Key insight: the non-inferiority formula uses the one-sided critical value $Z_{1-\alpha}$ (not $Z_{1-\alpha/2}$), and the effect in the denominator is the margin $\Delta$, not the MDE $\delta$. For a tight margin (small $\Delta$), non-inferiority tests require more users than an equivalent superiority test.
Sample size calculator
from scipy.stats import norm
import numpy as np
def n_superiority(delta, sigma2, alpha=0.05, power=0.8):
"""Per-group sample size for a two-sided superiority test."""
z = norm.ppf(1 - alpha / 2) + norm.ppf(power)
return int(np.ceil(z**2 * 2 * sigma2 / delta**2))
def n_non_inferiority(margin, sigma2, alpha=0.05, power=0.8, anticipated_delta=0.0):
"""Per-group sample size for a one-sided non-inferiority test."""
z = norm.ppf(1 - alpha) + norm.ppf(power)
return int(np.ceil(z**2 * 2 * sigma2 / (margin - anticipated_delta)**2))
# Example: conversion rate ~ 20%, margin / MDE = 1 pp
p = 0.20
sigma2 = p * (1 - p)
effect = 0.01 # 1 percentage point
n_sup = n_superiority(effect, sigma2)
n_ni = n_non_inferiority(effect, sigma2)
print(f'Conversion rate: {p:.0%}, effect / margin: {effect:.1%}')
print(f'Superiority n per group: {n_sup:>8,}')

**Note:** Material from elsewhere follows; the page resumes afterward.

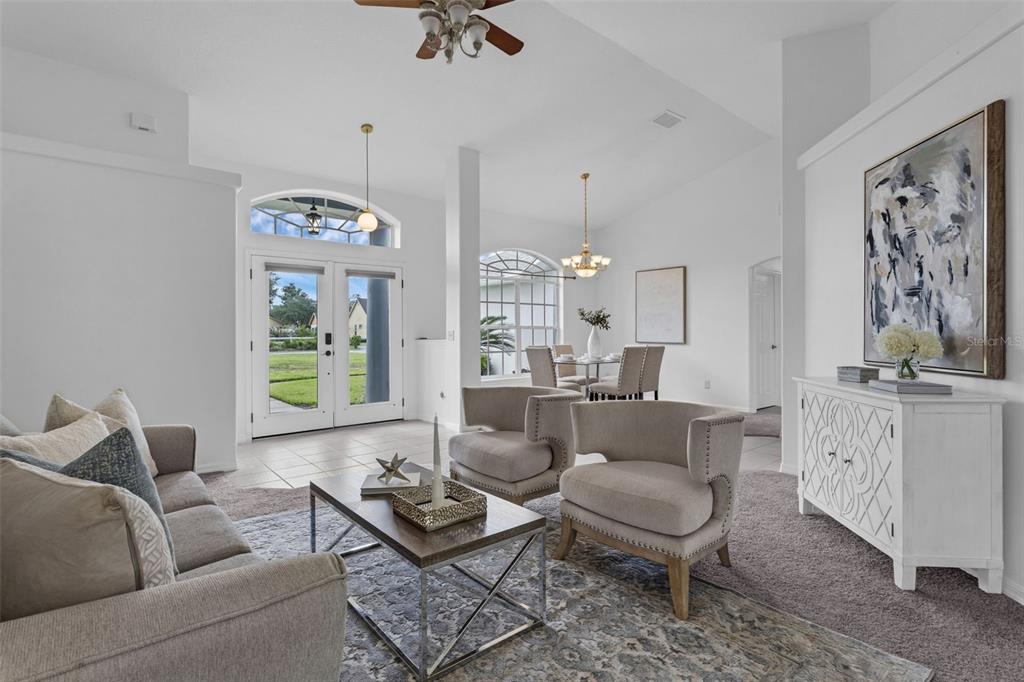 15038 Willow Lane Tavares, FL 32778 - Photo 4 of 37 a living room with furniture potted plant and a chandelier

print(f'Non-inferiority n per group: {n_ni:>8,}')
Conversion rate: 20%, effect / margin: 1.0%
Superiority n per group: 25,117
Non-inferiority n per group: 19,785
Comparison across margins and conversion rates
import pandas as pd
rows = []
for p in [0.05, 0.10, 0.20]:
for margin_pct in [0.01, 0.02, 0.05]:
s2 = p * (1 - p)
rows.append({
'Baseline p': f'{p:.0%}',
'Margin': f'{margin_pct:.0%}',
'Superiority n': n_superiority(margin_pct, s2),
'Non-inferiority n': n_non_inferiority(margin_pct, s2),
})
pd.DataFrame(rows).set_index(['Baseline p', 'Margin'])

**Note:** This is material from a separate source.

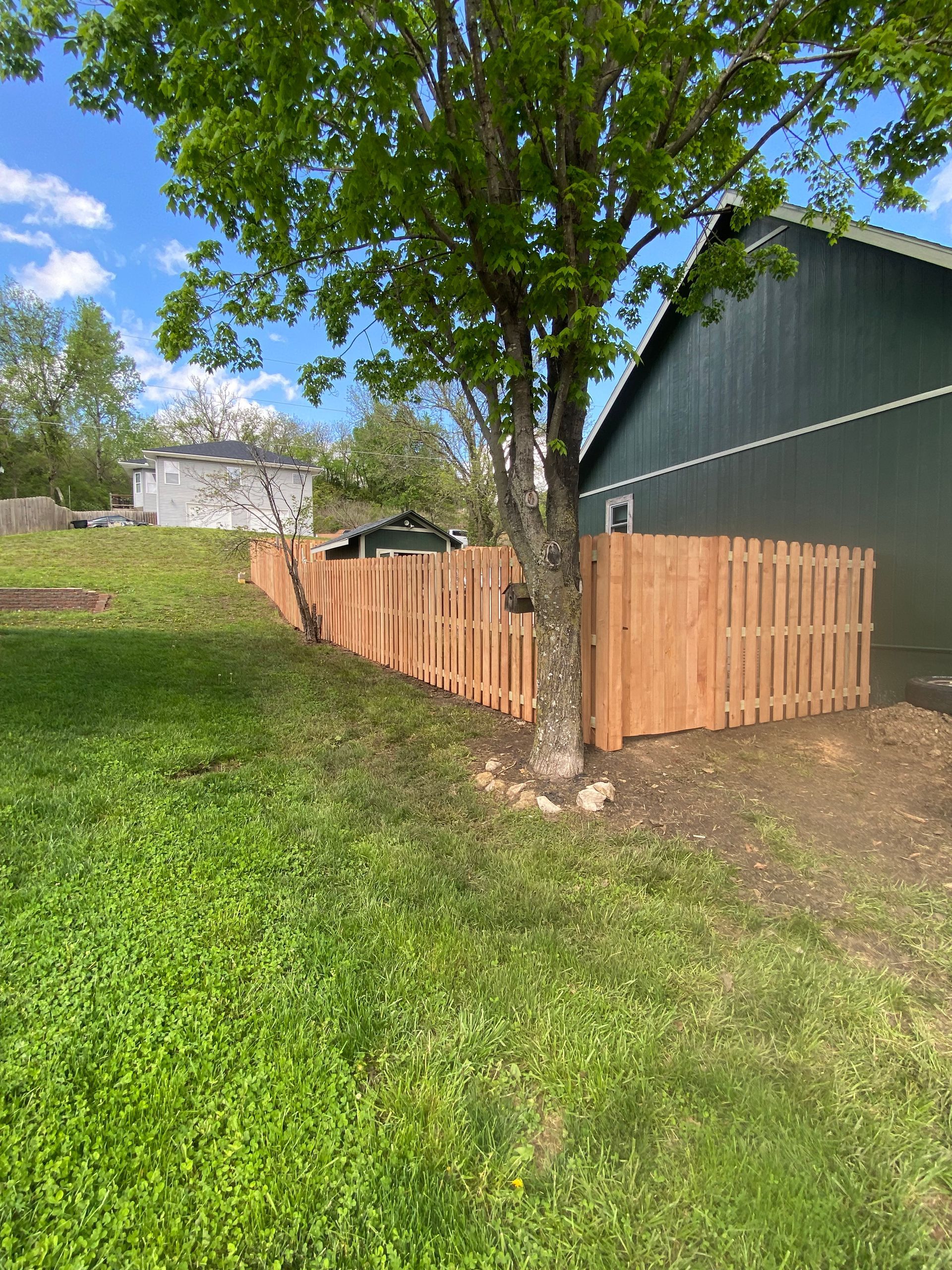 A wooden fence is in the backyard of a house.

| Superiority n | Non-inferiority n | ||
|---|---|---|---|
| Baseline p | Margin | ||
| 5% | 1% | 7457 | 5874 |
| 2% | 1865 | 1469 | |
| 5% | 299 | 235 | |
| 10% | 1% | 14128 | 11129 |
| 2% | 3532 | 2783 | |
| 5% | 566 | 446 | |
| 20% | 1% | 25117 | 19785 |
| 2% | 6280 | 4947 | |
| 5% | 1005 | 792 |
When to Use Each
Use a superiority trial when:
- You expect the new variant to improve a metric and want to prove it.
- The cost of a false positive (shipping a harmful change) is high.
Use a non-inferiority trial when:
- You are shipping a change for non-metric reasons (performance, cost, tech debt) and need to confirm no regression.
- You are replacing an old component and the new one is expected to be equivalent, not better.
- You want to retire a feature and need to prove its removal doesn’t degrade key metrics.
A common mistake is to run a superiority test and interpret a non-significant result as proof of non-inferiority — it is not. “We couldn’t detect a difference” is not the same as “we proved there is no meaningful difference.” Only a properly designed non-inferiority test with a pre-specified margin gives you that guarantee.
Conclusion
Superiority and non-inferiority trials answer fundamentally different questions and require different statistical designs. Choosing the right one before you run the experiment — not after — is essential for valid inference.
For practical implementation: non-inferiority tests at HomeBuddy use one-sided Z-tests with the margin as the null center. The sample size is calculated against the margin $\Delta$, not the MDE, and the significance level uses the one-sided critical value $Z_{1-\alpha}$ instead of $Z_{1-\alpha/2}$.